**TRY IT:** Could you restate the data below word for word, without its pictures?

**RECORDED INFORMATION:**
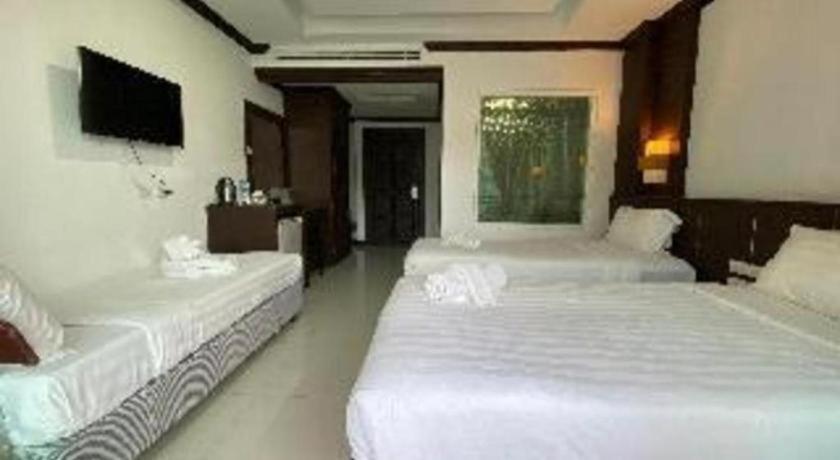 Отель Azure Bangla Phuket Patong Экстерьер фото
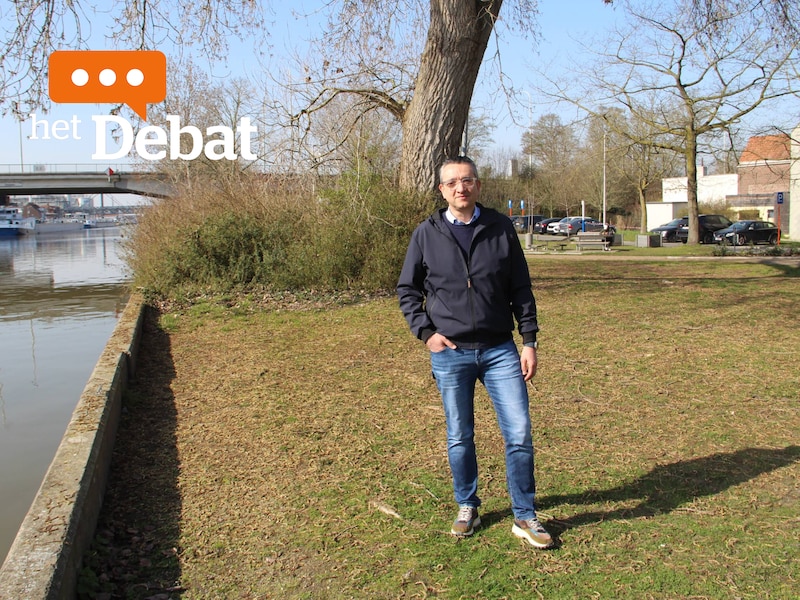 Schepen Bruno Lambert op de plek waar Izegem Strand komt te liggen. Voor heel wat lezers mag dat dossier toch nog even blijven liggen.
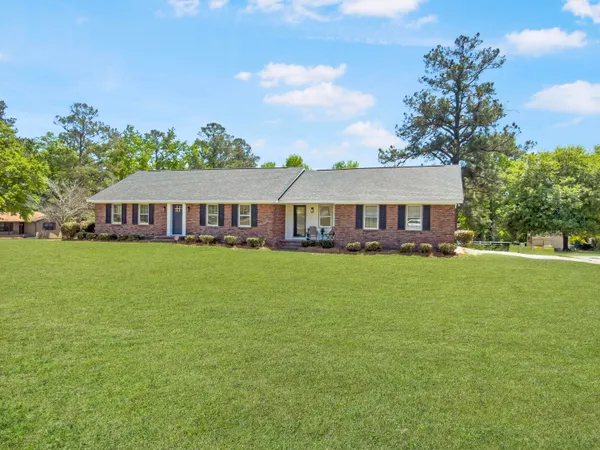 $305,000 | 114 Azalea Drive, St. Matthews, SC 29135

**ANSWER SECTION:**
 Отель Azure Bangla Phuket Patong Экстерьер фото
 Schepen Bruno Lambert op de plek waar Izegem Strand komt te liggen. Voor heel wat lezers mag dat dossier toch nog even blijven liggen.
 $305,000 | 114 Azalea Drive, St. Matthews, SC 29135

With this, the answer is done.